**TASK GOAL:**
When you copy the material below, keep every line exact and leave each picture out.

**DATA SEGMENT:**
□ □ □

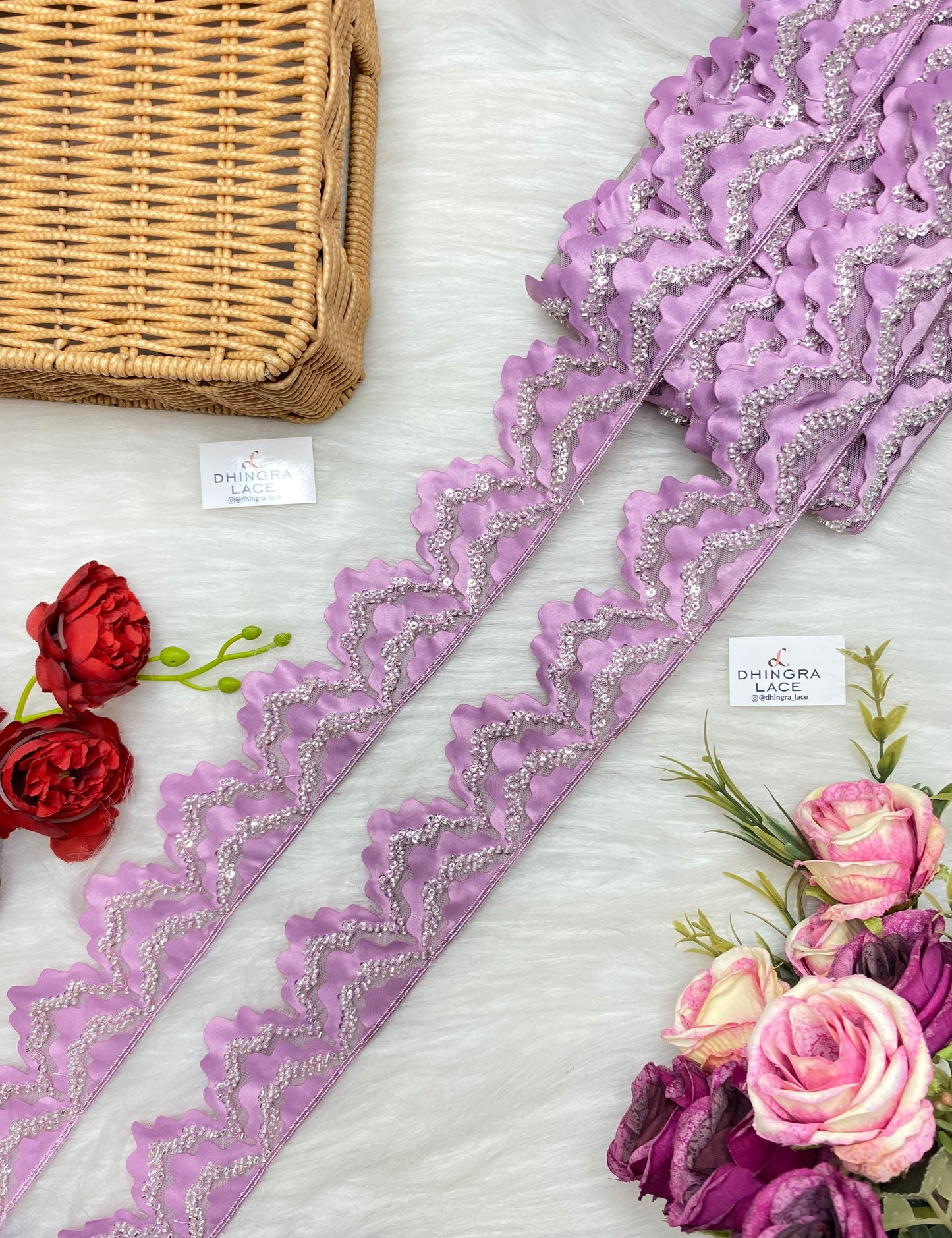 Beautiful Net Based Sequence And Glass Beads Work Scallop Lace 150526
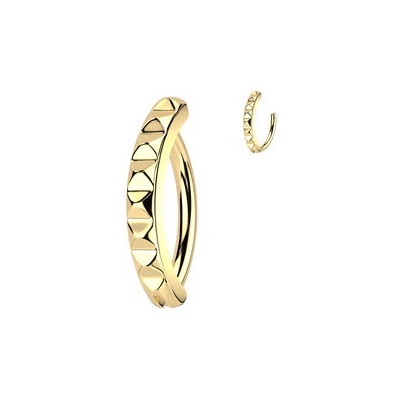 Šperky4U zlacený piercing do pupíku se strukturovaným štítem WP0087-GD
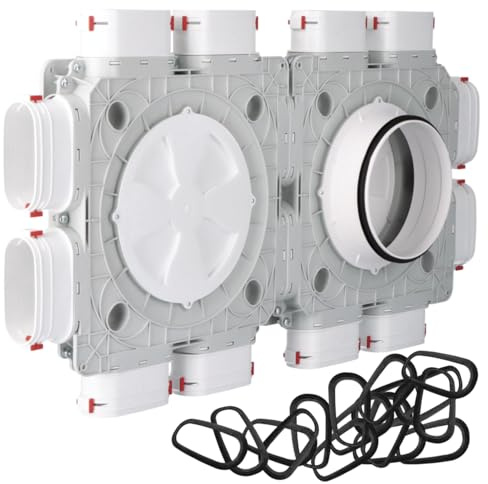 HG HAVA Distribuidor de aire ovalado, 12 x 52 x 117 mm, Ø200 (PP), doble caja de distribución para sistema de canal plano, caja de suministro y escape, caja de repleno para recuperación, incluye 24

□ □ □

**RESULT FOR THIS EXERCISE:**
 Beautiful Net Based Sequence And Glass Beads Work Scallop Lace 150526
 Šperky4U zlacený piercing do pupíku se strukturovaným štítem WP0087-GD
 HG HAVA Distribuidor de aire ovalado, 12 x 52 x 117 mm, Ø200 (PP), doble caja de distribución para sistema de canal plano, caja de suministro y escape, caja de repleno para recuperación, incluye 24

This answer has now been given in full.